Hacker News new | past | comments | ask | show | jobs | submit login
Fixing bufferbloat on your home network with OpenBSD 6.2 or newer (pauladamsmith.com)
163 points by paulsmith 8 months ago | hide | past | web | favorite | 48 comments

It's discouraging to me that, 33 years after I first identified this problem [1], there are no good solutions in wide use.

Informally, the basic problem is that pure datagram networks with no backpressure, which describes the Internet, handle congestion badly. A big first-in, first-out queue at a choke point works especially badly. That's "bufferbloat".

Back in 1985, I proposed "fair queuing" (a term I coined) as a step to a solution. Fair queuing is simply identifying "flows" (packets with the same endpoints, which may be IP addresses or TCP/UDP ports), giving them individual queues, and servicing the queues fairly. I also proposed making TCP congestion-aware, a new idea at the time.[2] That was enough to deal with the problems of the 1980s and 1990s. I did not forsee a future where people would be trying to run Netflix, Fortnite, and VoIP on the same cable modem connection at the same time.

The Internet works only because most of the congestion is at the edges, where the user's LAN feeds an ISP connection with less bandwidth than LAN. Most packets are lost there. If they're lost further upstream (say at the cable headend), the problems are much worse. We still can't deal with congestion in the middle of the network. Fortunately, fiber optic bulk bandwidth is cheap enough to prevent that from being the big bottleneck.

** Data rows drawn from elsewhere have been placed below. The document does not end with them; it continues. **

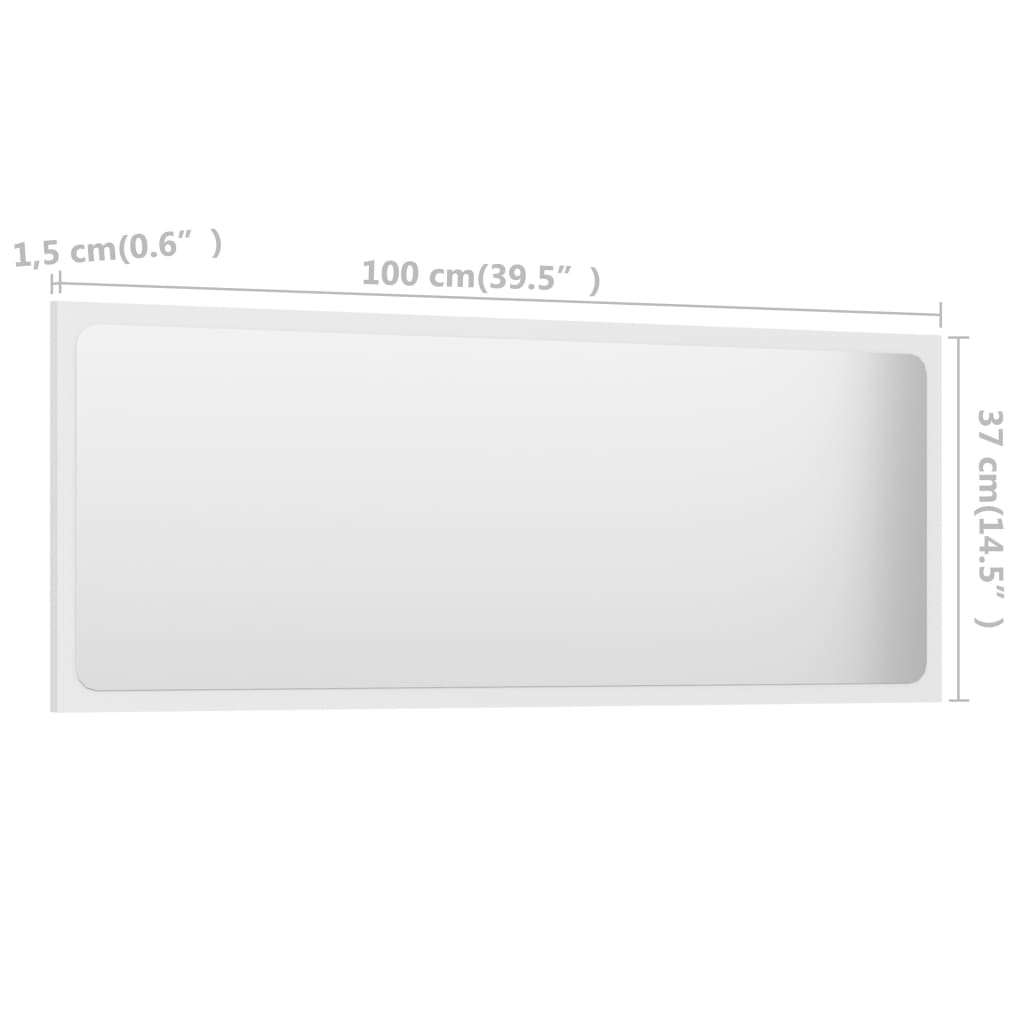 Bathroom Mirror White 100x1.5x37 cm Engineered Wood - Newstart Furniture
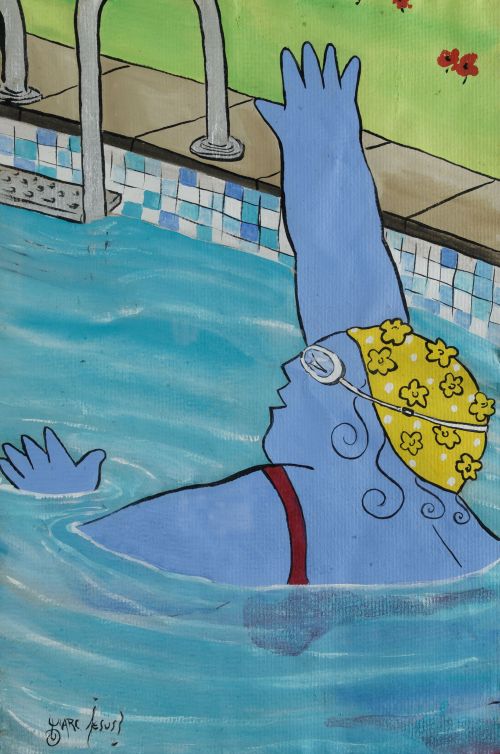 MARC JESÚS VIVES, "Bañista", Técnica mixta sobre papel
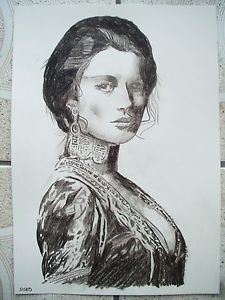 225x300 Charcoal Sketch Drawing James Bond Girl Jane Seymour As - Solitaire Drawing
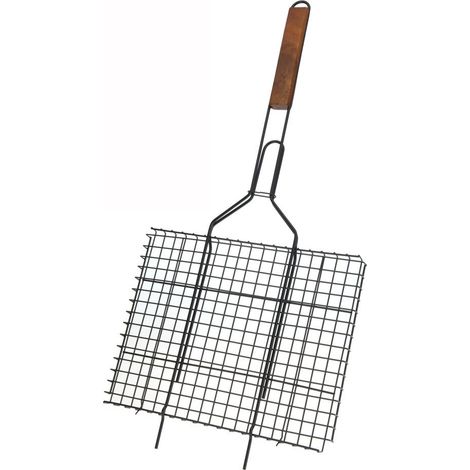 Griglia per barbecue con manico legno non stik professional equipmen bbq (1/3)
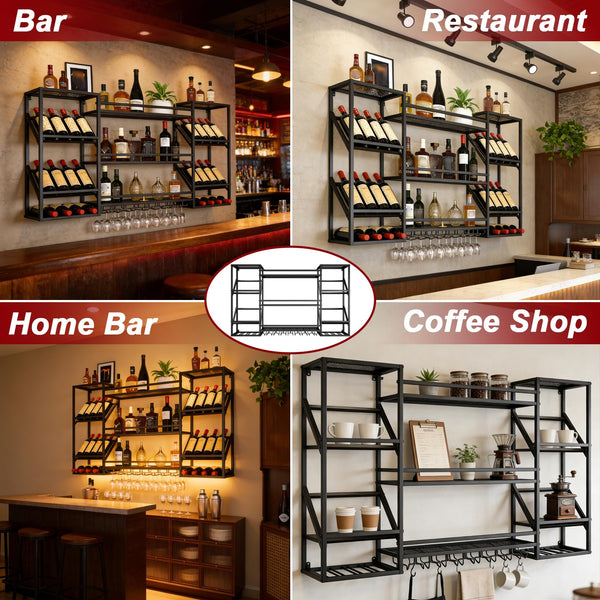 Wall Mounted Wine Rack with Glass Holder & Floating Bar Shelves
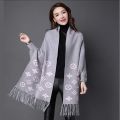 Women's Bat-Wing Style Printed Fleece Shawl. 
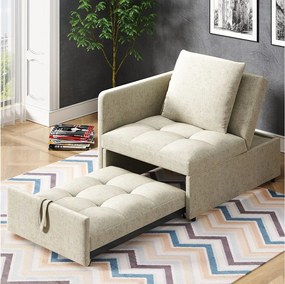 Sofa rozkładana, tapicerowana z regulowanym oparciem, beżowy len - idealna do salonu i sypialni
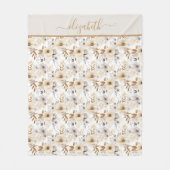 Monogram Beige Creme Brown Gray Floral Botanisch Fleecedecke (Vorderseite)
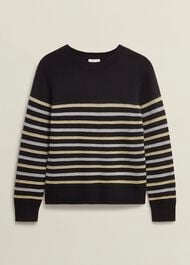 Destiny Sparkle Stripe Jumper , Black Multi, hi-res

Most of the "bufferbloat" aftermarket fixes work by assuming the ISP connection has a fixed data capacity. So the user-side gear does rate-limiting, reordering, and dropping packets to handle congestion locally, to prevent the dumb FIFO queue in the ISP's edge router from building up. This can work if the ISP connection has constant outgoing bandwidth. If that varies, as on an overloaded cable segment, there's going to be trouble. And, of course, the ISP connection doesn't tell the user side nodes it's congested. So there's a lot of guessing and tweaking involved, which is why none of these fixes Just Work.

There are two levels of troublesome FIFO queue - within each host on the LAN, and at the router that connects to the ISP link. Each host has to decide what to send first. The default is FIFO, which, as noted, sucks. Then the router has to decide which packets from which local nodes to send up the ISP link first. Most ISP-provided routers are still FIFO, although some are more intelligent. A basic property of FIFO queues is that the one who sends the most wins. The nice guys who aren't blasting stuff up the pipe get squeezed out. This is why your VoIP stutters.

So there's a trend towards front-ending the ISP's router with another box to do traffic-shaping, which means reordering and dropping packets. That's what this article is about. There are commercial "gamer routers" which do this, and firmware for various routers.

Now, with the ability to shape the traffic, the question is what to do. Basic fair queuing prevents a big stream from squeezing out a small stream. That's step one, and that's what the parent article is talking about. He's stopped Speed Test from squeezing out his pings.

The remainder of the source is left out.